Although the cavalry was on horseback, other scout re-enactors stated mules were their ride of choice.

"George Crook, the guy responsible for talking Geronimo into coming in and giving up, rode a mule," said Tim Poteete, Museum of the Great Plains living history interpreter.

Although Geronimo never went through with it, Poteete went on to explain that mules are more even tempered than horses even though horses became more popular as time went on.

Although the Frontier Army Days were meant to show the difference in the way Soldiers lived and fought when Fort Sill came to be, there were some themes that have lasted into today's troops. Like the idea of a battle-buddy, known back then as "pards."

"It's a lonely time. A lot of young men leaving home for the first time 16, 17, 18 years old. And men left their families, their wives, their children. These men needed camaraderie. So they shortened the word partner and it became a more endearing word-"pards." So during the hard times of training and in the hard times of battle and the fatigue of long marches they had their "pards" to lean on," said Cleon Plunk, Fort Sill Museum volunteer.

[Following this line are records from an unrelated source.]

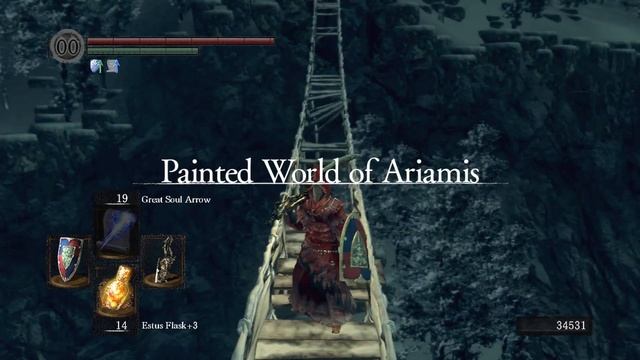 Dark Souls Contraption does not move (Anor Londo) to Painted World of Ariamis,Peculiar Doll Locatio смотреть онлайн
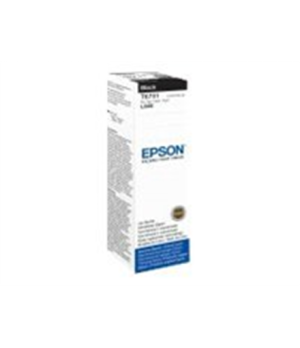 Epson T6731 Ink bottle 70ml | Ink Cartridge | Black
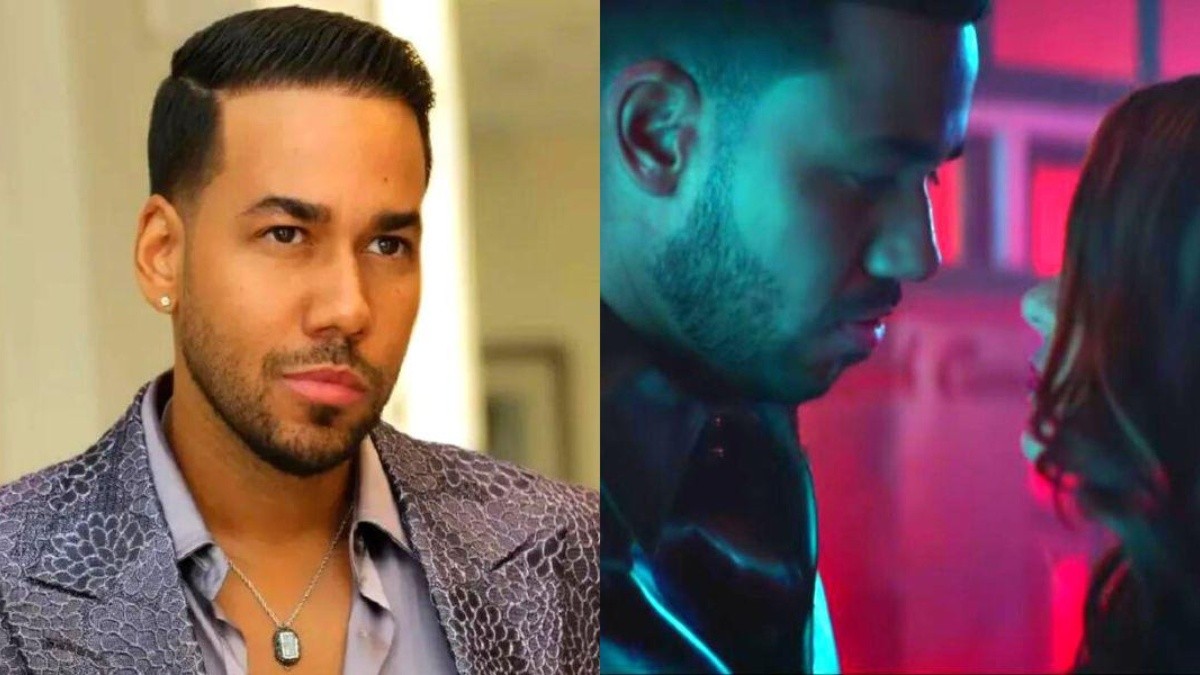 Imagen de archivo de Romeo Santos, famoso cantante de bachata. (INTERNET)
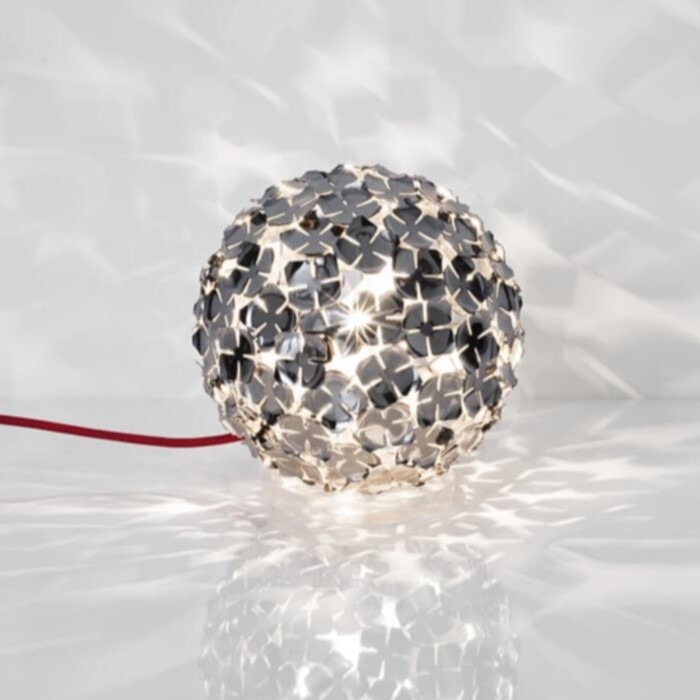 Настольная лампа Terzani Orten' zia Nikel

Frank Siltman, Fort Sill Museum director also believes there are things that transcended through time. Namely a Soldier's willingness to get the job done.

"There are timeless principles of soldiering. Whether it's today in Iraq or Afghanistan or in 1869 on the frontier. Soldiers are going off into distant locations and they've got to function as a unit," said Siltman. "Life was hard and yet people were willing to be here to do their jobs."